### Eighteenth century word vectors

To aid our discussion, here are some tools for analyzing Heuser's ECCO vectors.

The source is the [eighteenth century collections online (ECCO)](https://www.gale.com/primary-sources/eighteenth-century-collections-online). You should be able to access specific words from this collection from a Cornell IP. There is also [ECCO TCP](https://quod.lib.umich.edu/e/ecco?key=author;page=browse;value=g), which is a smaller, more well-curated open-access segment. The vectors we have seem to have been on the larger, uncorrected OCR version: errors like the word *honefly* (what was this really?) do not occur.

In [None]:
import numpy, sys, math
from matplotlib import pyplot
from sklearn.cluster import KMeans
from IPython.display import display, clear_output, Markdown, Latex

from collections import Counter

Heuser released the vectors he trained for his experiments. Here's the first 25,000 vectors.

In [None]:
vocabulary = []
reverse_vocabulary = {}

vector_filename = "../data/ecco/ecco_vectors.vec"
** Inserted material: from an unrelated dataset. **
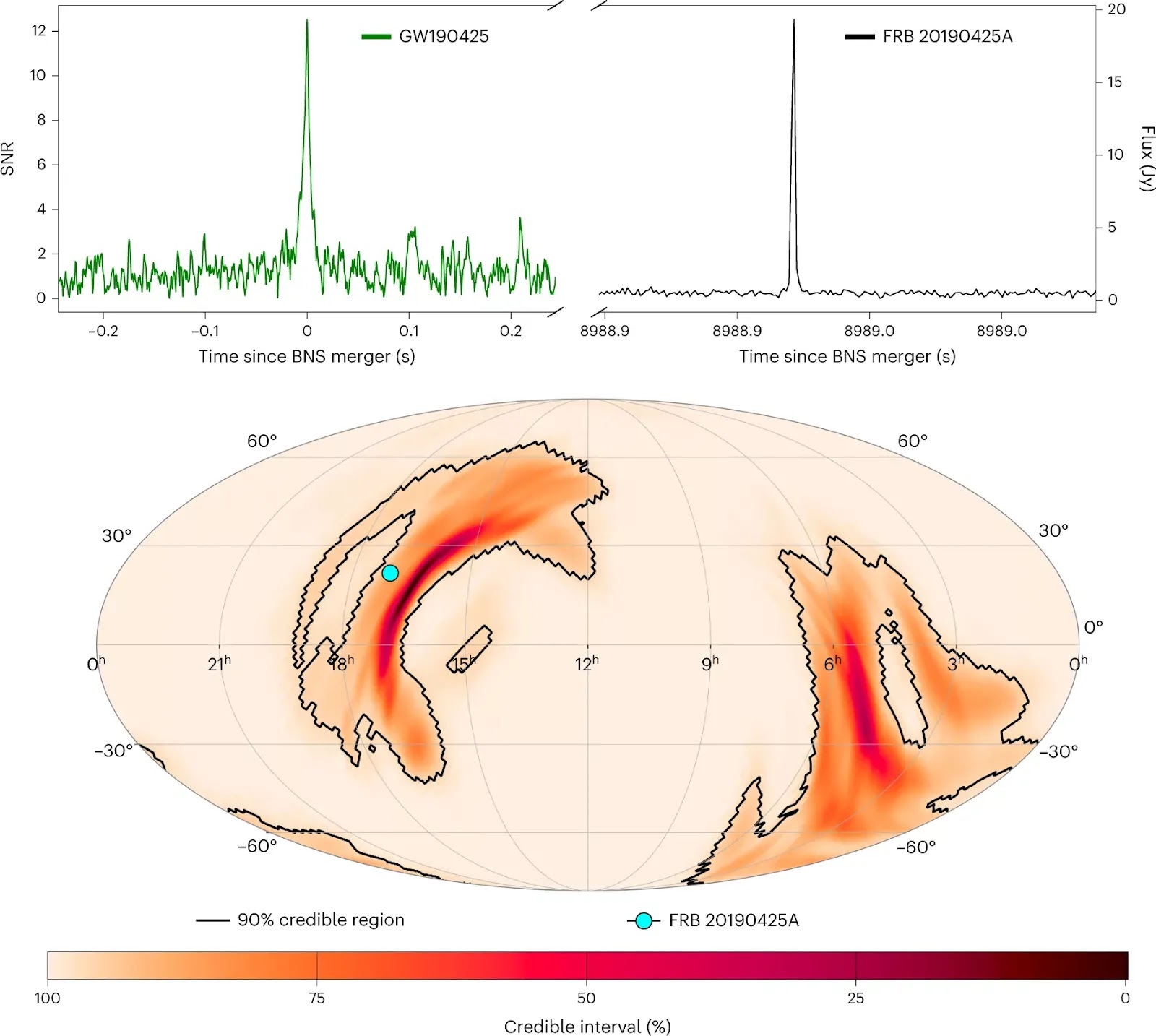 Fast Radio Burst Linked with Gravitational Waves for the First Time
with open(vector_filename) as infile:
    
    matrix_shape = [int(x) for x in infile.readline().split()]
    
    embeddings = numpy.zeros(matrix_shape)
    
    for line in infile:
        fields = line.rstrip().split()
        
        word_id = len(vocabulary)
        vocabulary.append(fields[0])
        reverse_vocabulary[fields[0]] = word_id
        
        embeddings[word_id,:] = numpy.array([float(x) for x in fields[1:]])
        
normalizer = 1.0 / numpy.sqrt(numpy.sum(embeddings ** 2, axis=1))
embeddings *= normalizer[:, numpy.newaxis]

This next function returns the vector associated with a word. It finds the numeric ID for the string in the vocabulary array, and grabs the associated row from the embedding matrix.

In [None]:
def vector(word):
    word_id = reverse_vocabulary[word]
    return embeddings[word_id,:]

Calling this function returns a 300-dimensional vector. Here are the first 10 elements:

In [None]:
vector("king")[:10]

In [None]:
vector("queen")[:10]

Since anything we get from a call to `vector` is a `numpy` array, we can do mathematical operations on them, like subtraction.

In [None]:
diff = vector("king") - vector("man")
diff[:10]

In [None]:
def nearest(v):
    scores = embeddings.dot(v) / numpy.linalg.norm(v)
    return sorted(zip(scores, vocabulary), reverse=True)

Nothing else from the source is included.